I have found  places that offer 2 day seminars that do certify you. But I would much rather go somewhere,  where the course(s) are at least a few weeks long. I'm sure Oaksterdam is not the  only place that offers this.


----------



## WeedHopper (Jan 23, 2016)

Talk to Keef at OFC.


----------



## Keef (Jan 23, 2016)

Yo D --Welcome to M.P. !--We don't have stuff like that in the south !-- In Texas making an extract can get U 99 years ! ---Join us for wake and bake at the O.F.C.  -- Someone will know the answer to your question!  Good Luck !


----------



## WeedHopper (Jan 23, 2016)

See,,,,Weedhopper knows whst hes talking sbout.....Yehaaaaaaaaa


----------



## WeedHopper (Jan 23, 2016)

Im EXTRACTING THC right now.    :rofl:
Freaken Weed is kicking my asssss.


----------



## Rosebud (Jan 23, 2016)

what kind of extraction are you interested in?


----------



## kaotik (Jan 24, 2016)

probably best to just find a job somewhere they do this.

IMO it's kinda nice we're like the olden days with this industry.. where you can basically be an apprentice, instead of going to some ** school and getting some ** piece of paper.
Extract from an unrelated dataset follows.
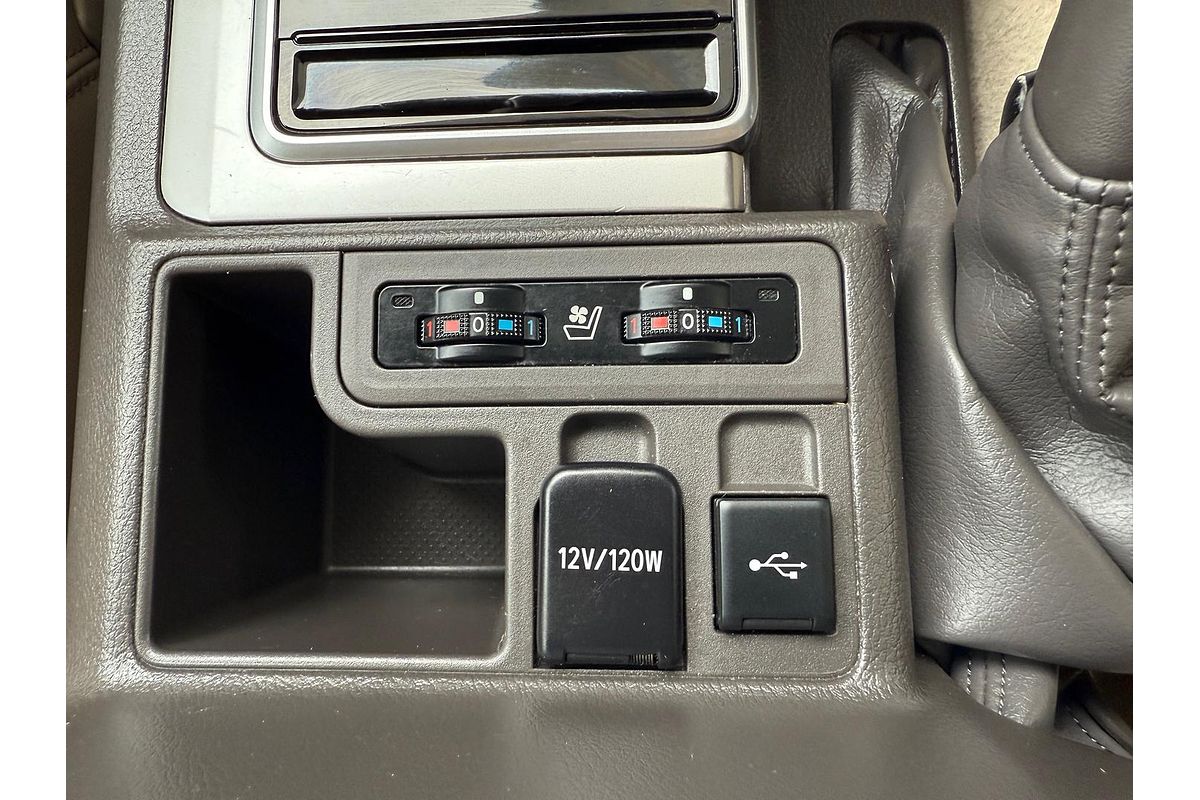 2023 Toyota Landcruiser Prado VX GDJ150R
actually get experience, not just book-smart.
*yeah i have a very negative opinion on post-secondary schooling. (though schooling in general sucks. we should not have private schools, just better public ones)   such a farce IMO. sad that no post-secondary is basically equal to not finishing high-school these days. they conned us good.


----------



## deadkndys (Jan 27, 2016)

WeedHopper said:


> Talk to Keef at OFC.


Whats OFC?


Rosebud said:


> what kind of extraction are you interested in?
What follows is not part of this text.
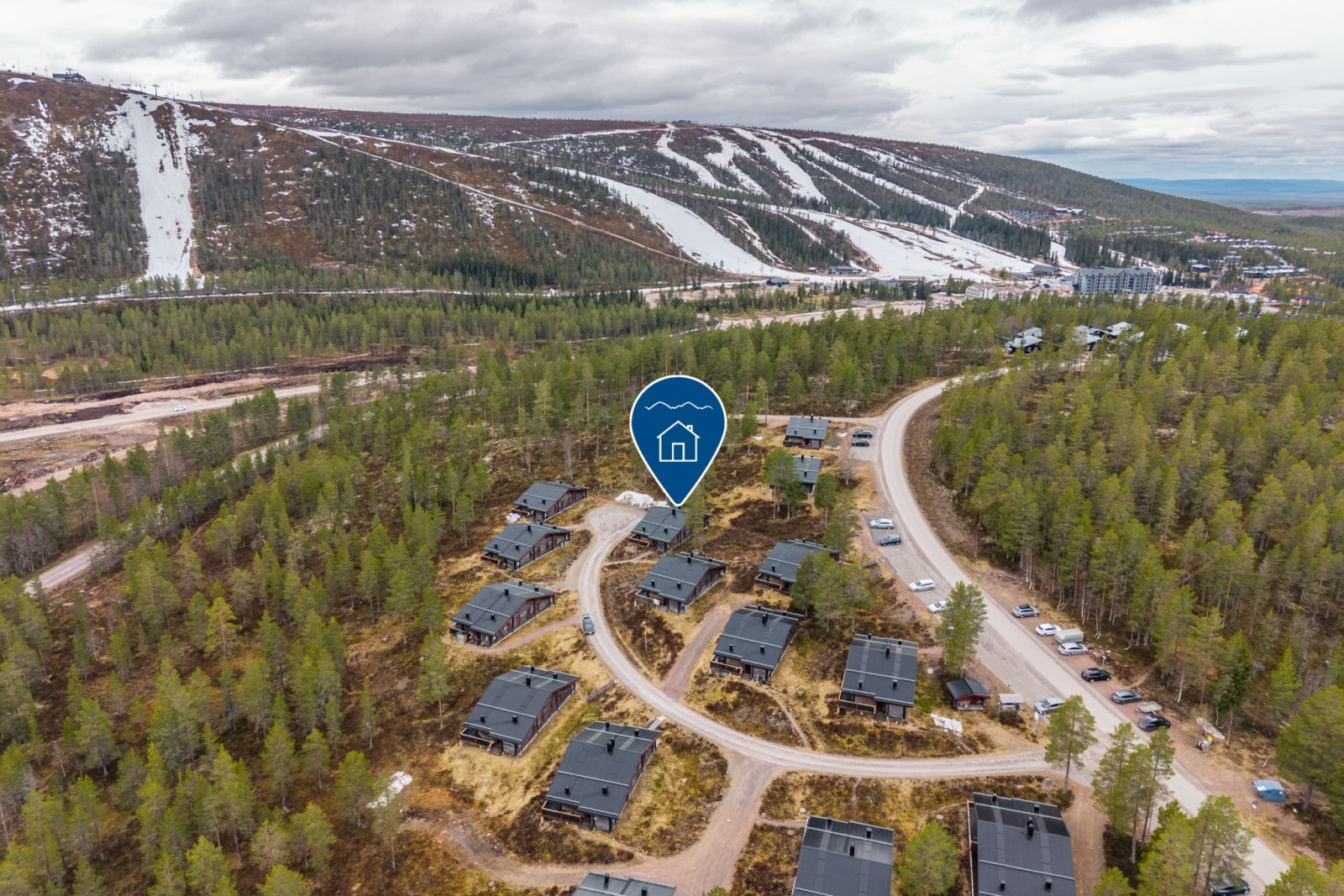  Sätertjärn 12A (Aravägen)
All Kinds. Propane,Butane,Hexane,CO2, etc.



kaotik said:


> probably best to just find a job somewhere they do this.
> 
> IMO it's kinda nice we're like the olden days with this industry.. where you can basically be an apprentice, instead of going to some ** school and getting some ** piece of paper.
> 
> ...


I would assume a dispensary would rather hire someone who already knows how to operate a closed loop system. Rather then waste time training someone.


----------



## Rosebud (Jan 27, 2016)

Ston-loc does some.


----------



## WeedHopper (Jan 27, 2016)

This is OFC
http://www.marijuanapassion.com/forum/showthread.php?t=69144


----------



## Rosebud (Jan 28, 2016)

I do a rick simpson oil extracting with alcohol.


----------



## Keef (Jan 28, 2016)

Yo Dead the O.F.C.? --Old Farts Club ! -- The reason Weed Hopper said talk to Keef was he know I'm working on THC e-cig liquid or Liquid Weed !-- Cuz --I don't think there is a school like that !--I need clean  wax or shatter for my liquid weed !-- Super Critical CO2 Desk Top Hash Oil Extraction Machine !-- $3,500 --I'll have to teach myself everything !--Go to Skunk Pharm .com --Best source of info on extraction !--Looks like CO2 shatter is going to be the industry standard !  Best Wishes !-- I plan to grow the weed do the extract --turn in into Liquid Weed --package it and wholesale !--Do it right and U can't make enough !


----------



## deadkndys (Jan 29, 2016)

Well I looked around and it seems the 2 day seminar would be my best option. At least this way I'll be familiar on how to operate a closed loop system and what not. Also prettty reasonable. 300-400 with a certificate.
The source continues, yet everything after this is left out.